- [Your task]
Return all the data exactly, keeping the pictures out.

- [Dataset excerpt]
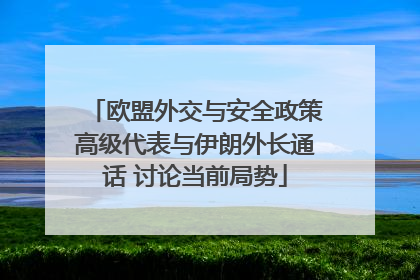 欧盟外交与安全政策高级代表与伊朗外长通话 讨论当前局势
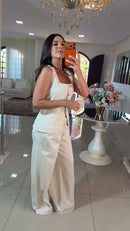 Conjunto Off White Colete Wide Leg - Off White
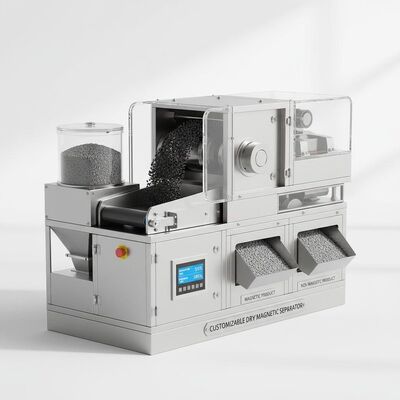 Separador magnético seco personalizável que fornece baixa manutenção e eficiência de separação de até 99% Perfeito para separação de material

- [Exercise response]
 欧盟外交与安全政策高级代表与伊朗外长通话 讨论当前局势
 Conjunto Off White Colete Wide Leg - Off White
 Separador magnético seco personalizável que fornece baixa manutenção e eficiência de separação de até 99% Perfeito para separação de material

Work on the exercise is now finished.